**WORK TO BE COMPLETED**
Copy the data that follows exactly, and include none of its images.

**INPUT DATA**

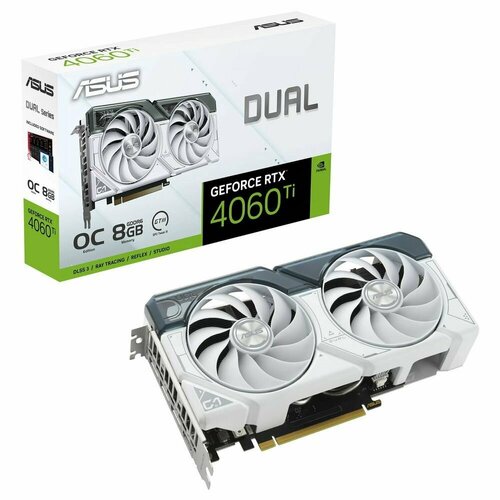 Видеокарта ASUS DUAL-RTX4060TI-O8G-WHITE RTX4060TI HDMI1 DP38G D6 5231100₽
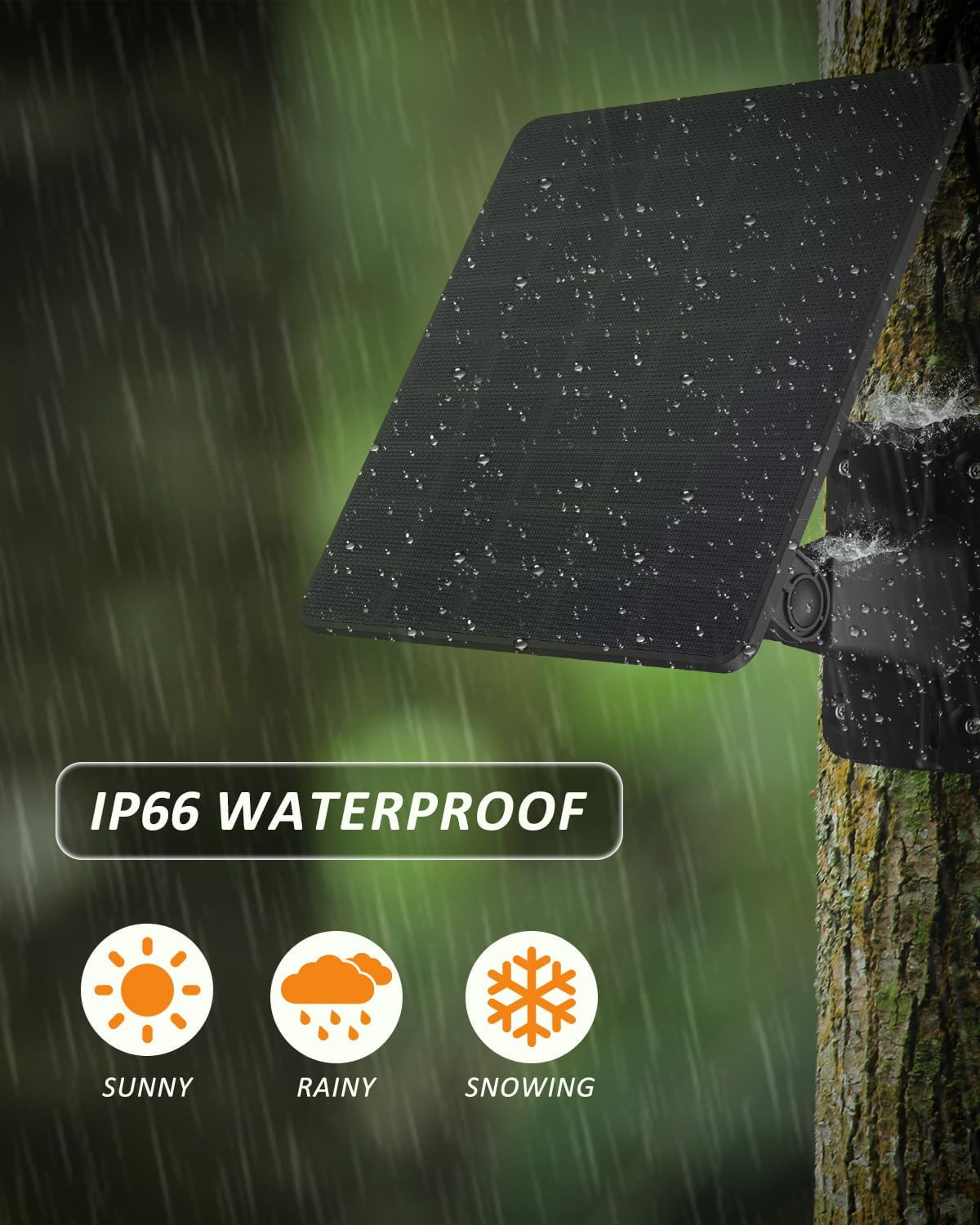 Trail Camera Solar Panel, WingHome 5000mAh Built-in Battery, 12V/1A & 6V/1.5A Output, IP66 Waterproof, High-Efficiency Power Durable Solar Charger Supply for Outdoor Wildlife Monitoring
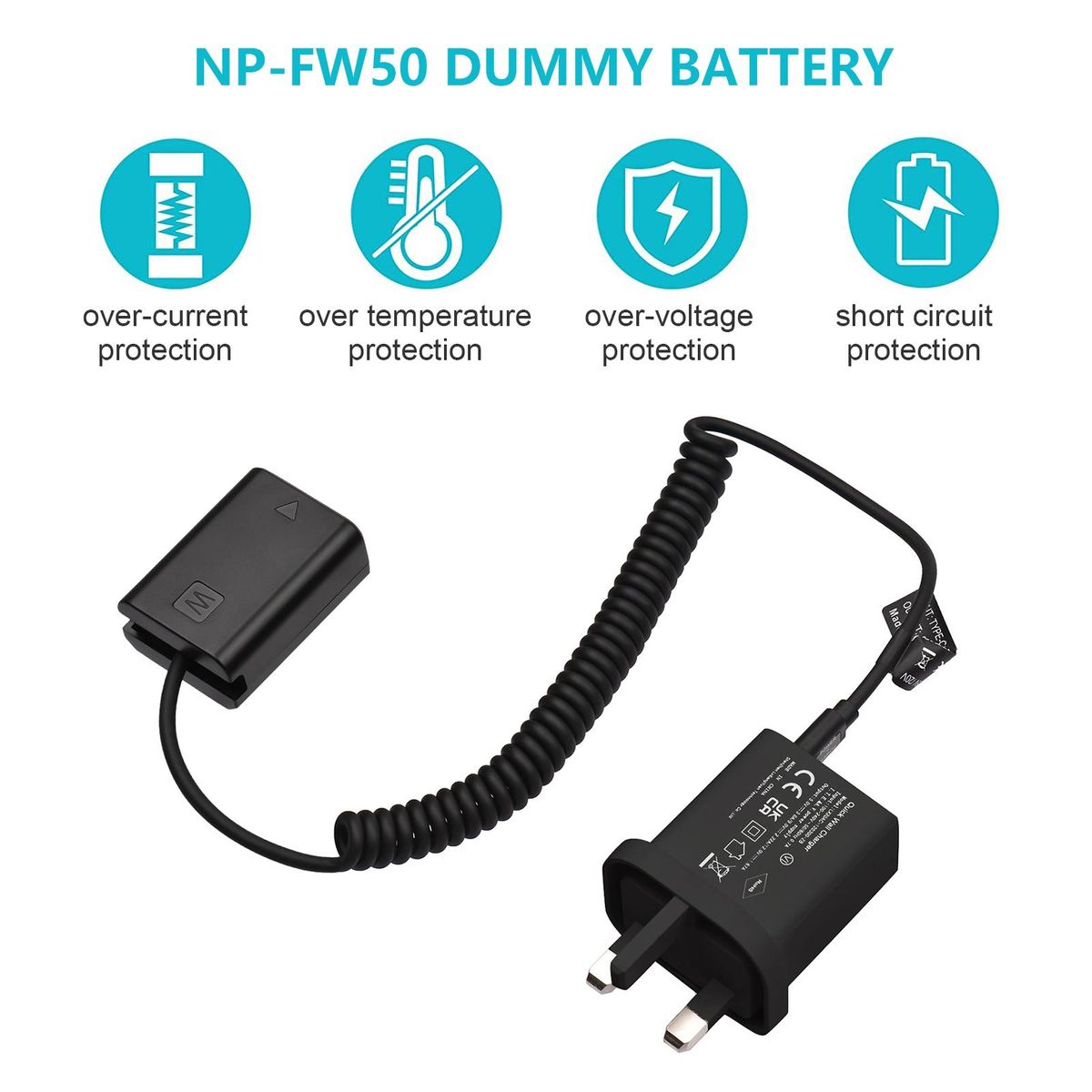 Andoer Type-C NP-FW50 Dummy Battery DC Coupler 20W PD Adapter Replacement for Sony A7S2 A7S A7 II R RII A7M2 A6000 A6300 A6500 A7000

**SOLUTION FOR THIS TASK**
 Видеокарта ASUS DUAL-RTX4060TI-O8G-WHITE RTX4060TI HDMI1 DP38G D6 5231100₽
 Trail Camera Solar Panel, WingHome 5000mAh Built-in Battery, 12V/1A & 6V/1.5A Output, IP66 Waterproof, High-Efficiency Power Durable Solar Charger Supply for Outdoor Wildlife Monitoring
 Andoer Type-C NP-FW50 Dummy Battery DC Coupler 20W PD Adapter Replacement for Sony A7S2 A7S A7 II R RII A7M2 A6000 A6300 A6500 A7000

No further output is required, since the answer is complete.